TGL : Comment avez-vous vécu la période de fermeture durant la pandémie ? E. A. : Alors que nous étions tous au chômage temporaire, j’ai fait beaucoup de choses en parallèle, des interviews, des forums online… Nous avons pensé à proposer une formule à emporter, puis nous nous sommes dit que nous n’avions pas travaillé toute notre vie avec acharnement pour atteindre l’excellence pour maintenant faire de la cuisine à emporter. Il a aussi fallu prendre des décisions financières, réfléchir à la façon de nous restructurer, revoir les codes d’accueil des clients, analyser la façon dont ils vont fréquenter le restaurant. Avant, nous affichions toujours complet ; on ouvrait, un point c’est tout. Maintenant, il faut étudier les mouvements de la clientèle – moins d’étrangers en semaine et plus de locaux les week-ends – et donc bien gérer le temps des équipes. Et puis, durant cette période, j’ai fait la maman et j’ai cuisiné à la maison avec mes deux ados, ce qui ne m’arrive pas si souvent ! Ils aiment la cuisine, certainement à cause de moi, mais aussi de mon mari, qui est architecte. Nous voulons qu’ils choisissent eux-mêmes ce qu’ils veulent faire, comme ma sœur et moi en avons eu la possibilité. Pour l’instant, aucun ne se décide, mais ils aiment bien manger… S’ils venaient travailler avec moi, je serais très contente ! Mes parents ne m’ont jamais dit ça, alors je ne le dis jamais à mes enfants… comme ça, s’ils décident de me rejoindre, je saurai que c’est volontairement.

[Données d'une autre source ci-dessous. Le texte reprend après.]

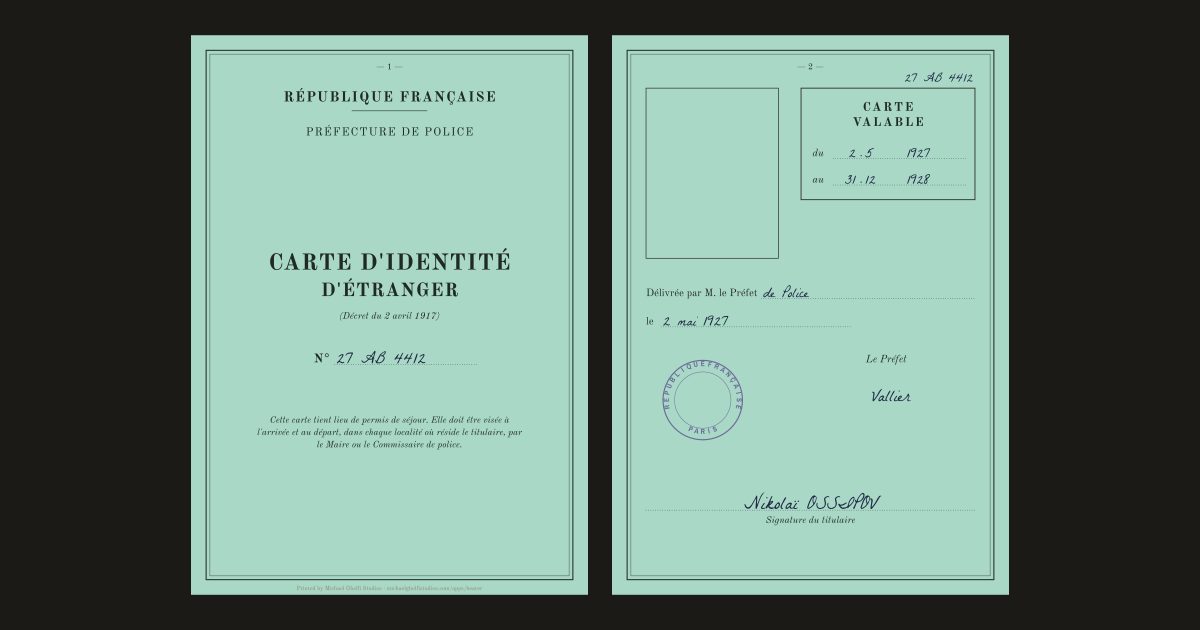 The French foreigner's identity card: Nikolaï OSSIPOV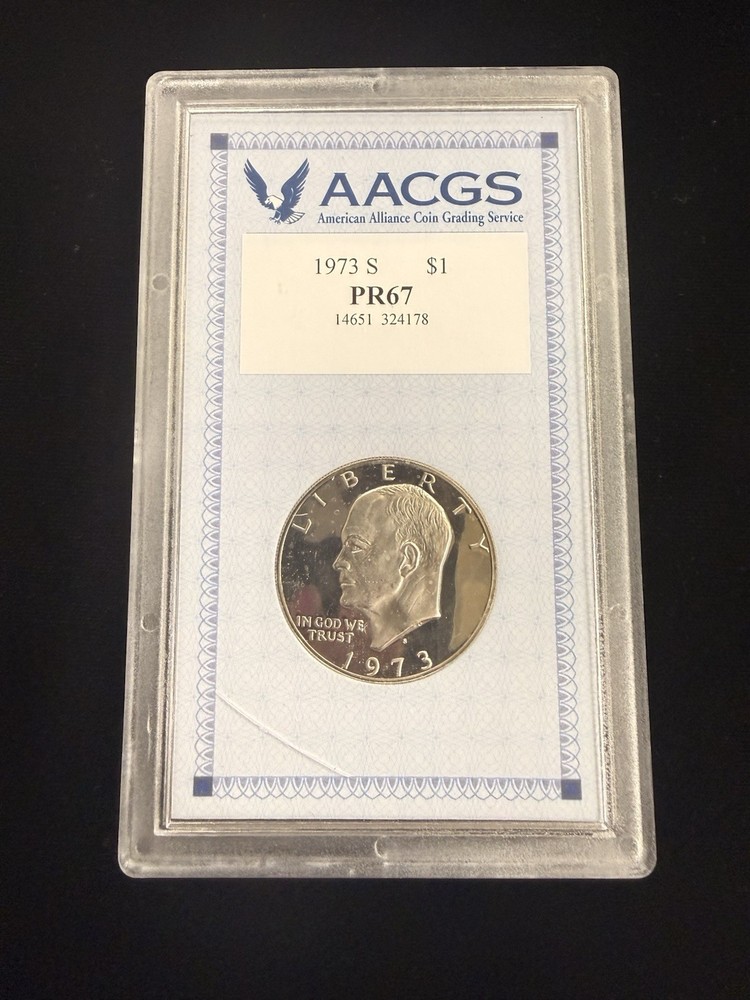 1973-S $1 Eisenhower Dollar coin PR67 AACGS 40% Silver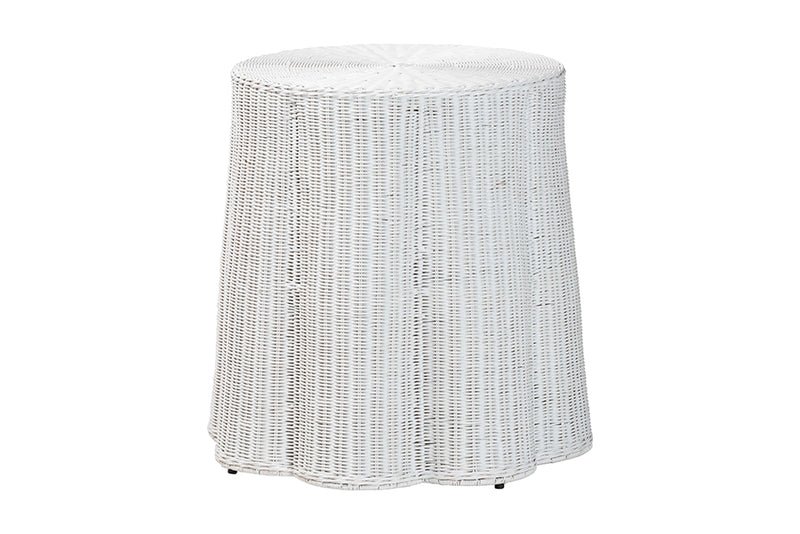 Claire Bohemian White Scalloped Rattan End Table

Restaurant ArzakAlcalde J. Elosegi Hiribidea, 273, San Sebastián.Tél. +34 943 27 84 65.arzak.es

Le documentaire Arzak Since 1897

En octobre 2020 était présenté, en ouverture de la section Culinary Zinema du Festival international du film de San Sebastián, le documentaire Arzak Since 1897 réalisé par Asier Altuna. Il y retrace la carrière de Juan Mari Arzak et, bien entendu, Elena y occupe une place importante.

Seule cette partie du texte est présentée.